In more traditional databases (small herd), people will see and clean some data, but most raw Big Data is not even eyeballed because there is simply too much of it (large herd). The lack of quality has to be huge and/or concentrated to be seen in the volume of data.

Even worse, the data is often generated from automated machinery without any human intervention. Hopefully, the data generation is cleaning the data as it goes. But one of the rules of systemantics is that fail-safe systems fail by failing to fail safely (Gall, 1977).

In fairness to Big Data, you should not assume that “traditional data” has been following best practices either. I will argue that good data practices still apply, but that they have to be adapted to the Big Data model.

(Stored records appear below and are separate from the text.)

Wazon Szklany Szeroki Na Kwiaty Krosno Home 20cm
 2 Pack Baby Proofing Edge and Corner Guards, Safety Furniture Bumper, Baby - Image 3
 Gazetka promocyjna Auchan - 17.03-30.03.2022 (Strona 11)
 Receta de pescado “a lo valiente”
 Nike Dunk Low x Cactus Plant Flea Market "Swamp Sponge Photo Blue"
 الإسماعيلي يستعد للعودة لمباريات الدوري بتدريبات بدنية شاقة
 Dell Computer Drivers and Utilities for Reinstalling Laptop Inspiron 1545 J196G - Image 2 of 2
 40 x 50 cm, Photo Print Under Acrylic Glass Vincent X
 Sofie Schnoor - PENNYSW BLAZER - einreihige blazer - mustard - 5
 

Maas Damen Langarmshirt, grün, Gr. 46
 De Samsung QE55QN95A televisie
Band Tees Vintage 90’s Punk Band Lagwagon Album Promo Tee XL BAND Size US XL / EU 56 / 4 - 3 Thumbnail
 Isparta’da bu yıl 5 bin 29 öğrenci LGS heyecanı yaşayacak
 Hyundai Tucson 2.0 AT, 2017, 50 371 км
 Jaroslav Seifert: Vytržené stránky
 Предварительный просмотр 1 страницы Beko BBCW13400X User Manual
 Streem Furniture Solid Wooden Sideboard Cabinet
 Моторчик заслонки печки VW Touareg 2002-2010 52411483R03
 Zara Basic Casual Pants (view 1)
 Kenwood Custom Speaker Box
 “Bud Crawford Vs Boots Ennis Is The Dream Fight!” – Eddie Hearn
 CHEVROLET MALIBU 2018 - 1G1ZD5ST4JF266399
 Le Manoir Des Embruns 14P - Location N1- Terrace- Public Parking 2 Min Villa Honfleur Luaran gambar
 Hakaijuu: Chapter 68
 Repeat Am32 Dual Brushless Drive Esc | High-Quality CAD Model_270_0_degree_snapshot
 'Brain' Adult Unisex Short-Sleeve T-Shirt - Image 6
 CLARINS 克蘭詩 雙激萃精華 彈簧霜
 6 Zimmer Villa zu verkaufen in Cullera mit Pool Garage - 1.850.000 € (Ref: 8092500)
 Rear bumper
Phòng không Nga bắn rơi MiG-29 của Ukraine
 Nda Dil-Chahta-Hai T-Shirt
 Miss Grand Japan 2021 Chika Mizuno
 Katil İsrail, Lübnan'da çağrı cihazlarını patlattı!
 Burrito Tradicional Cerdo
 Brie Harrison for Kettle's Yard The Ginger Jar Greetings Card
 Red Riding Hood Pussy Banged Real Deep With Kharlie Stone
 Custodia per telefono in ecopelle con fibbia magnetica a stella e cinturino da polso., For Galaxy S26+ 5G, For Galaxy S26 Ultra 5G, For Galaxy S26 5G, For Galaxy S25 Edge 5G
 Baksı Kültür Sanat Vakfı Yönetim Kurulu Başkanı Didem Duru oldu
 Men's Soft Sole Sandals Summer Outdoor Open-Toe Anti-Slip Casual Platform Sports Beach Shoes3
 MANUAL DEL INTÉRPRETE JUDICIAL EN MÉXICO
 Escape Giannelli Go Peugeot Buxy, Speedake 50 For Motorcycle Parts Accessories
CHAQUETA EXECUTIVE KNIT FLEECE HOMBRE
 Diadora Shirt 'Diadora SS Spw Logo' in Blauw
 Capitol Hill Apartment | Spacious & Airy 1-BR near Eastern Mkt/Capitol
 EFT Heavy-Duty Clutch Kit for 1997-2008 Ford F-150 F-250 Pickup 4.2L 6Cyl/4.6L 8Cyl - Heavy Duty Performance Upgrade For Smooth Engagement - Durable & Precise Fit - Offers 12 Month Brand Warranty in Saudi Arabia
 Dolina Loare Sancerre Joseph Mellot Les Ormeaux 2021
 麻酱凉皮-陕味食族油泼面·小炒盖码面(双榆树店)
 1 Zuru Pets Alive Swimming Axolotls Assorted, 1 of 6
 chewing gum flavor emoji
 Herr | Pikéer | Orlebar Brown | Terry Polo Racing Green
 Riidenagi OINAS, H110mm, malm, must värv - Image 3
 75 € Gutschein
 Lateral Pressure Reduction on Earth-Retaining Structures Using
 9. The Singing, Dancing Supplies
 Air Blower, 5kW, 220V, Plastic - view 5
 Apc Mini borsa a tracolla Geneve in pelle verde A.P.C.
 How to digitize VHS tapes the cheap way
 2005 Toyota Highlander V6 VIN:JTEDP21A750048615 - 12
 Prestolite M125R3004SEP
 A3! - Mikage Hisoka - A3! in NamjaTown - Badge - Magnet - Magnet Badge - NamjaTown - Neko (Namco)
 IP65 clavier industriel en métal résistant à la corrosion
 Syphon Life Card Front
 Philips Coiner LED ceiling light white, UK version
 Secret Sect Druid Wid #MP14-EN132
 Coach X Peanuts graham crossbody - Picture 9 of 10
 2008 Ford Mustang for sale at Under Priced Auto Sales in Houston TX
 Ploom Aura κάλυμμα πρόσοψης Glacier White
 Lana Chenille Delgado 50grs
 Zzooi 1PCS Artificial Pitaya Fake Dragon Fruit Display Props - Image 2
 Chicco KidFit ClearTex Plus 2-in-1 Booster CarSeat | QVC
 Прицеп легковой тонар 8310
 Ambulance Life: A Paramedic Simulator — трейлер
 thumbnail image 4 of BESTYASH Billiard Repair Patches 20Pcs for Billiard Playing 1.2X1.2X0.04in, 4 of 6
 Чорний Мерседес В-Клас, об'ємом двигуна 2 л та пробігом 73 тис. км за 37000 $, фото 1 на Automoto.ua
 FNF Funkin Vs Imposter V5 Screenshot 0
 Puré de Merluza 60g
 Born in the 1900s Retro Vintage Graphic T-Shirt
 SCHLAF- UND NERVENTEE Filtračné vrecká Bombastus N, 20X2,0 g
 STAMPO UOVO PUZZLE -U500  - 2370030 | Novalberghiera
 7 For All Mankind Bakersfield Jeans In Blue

9.1 Objections to Big Data and the Cloud

“Nothing is more difficult than to introduce a new order, because the innovator has for enemies all those who have done well under the old conditions and lukewarm defenders in those who may do well under the new.” —Niccolo Machiavelli

Old Nick was right, as usual. As with any new IT meme, there are objections to it. The objections are usually valid. We have an investment in the old equipment and want to milk it for everything we can get out of it. But more than that, our mindset is comfortable with the old terms, old abstractions, and known procedures. The classic list of objections is outlined in the following sections.

9.1.1 Cloud Computing Is a Fad

Of course it is a fad! Everything in IT starts as a fad: structured programming, RDBMS, data warehouses, and so on. The trick is to filter the hype from the good parts. While Dilbert’s pointy-haired boss thinks that “If we accept Big Data into our servers, we will be saved from bankruptcy! Let us pay!,” you might want to be more rational.

If so, it is a very popular fad. Your online banking, Amazon purchases, social media, eBay, or email are already in a cloud for you. Apple and Google have been keen to embrace cloud computing, affirming the idea that this is a technology revolution with longevity. Cloud computing is a developing trend, not a passing trend.

9.1.2 Cloud Computing Is Not as Secure as In-house Data Servers

This is true for some shops. I did defense contract work in the Cold War era when we had lots of security in the hardware and the software. But very few of us have armed military personnel watching our disk drives. Most shops do not use encryption on everything. High security is a very different world.

But you have to develop protection tools on your side. Do not leave unencrypted data on the cloud, or on your in-house servers. When you leave it on your in-house servers, it can get hacked, too. Read about the T.J. Maxx scandal or whatever the “security breach du jour” happens to be. This will sound obvious, but do not put encryption keys in the cloud with the data it encrypts. Do not concentrate data in one site; put it in separate server locations. When one site is hacked, switch over to another site.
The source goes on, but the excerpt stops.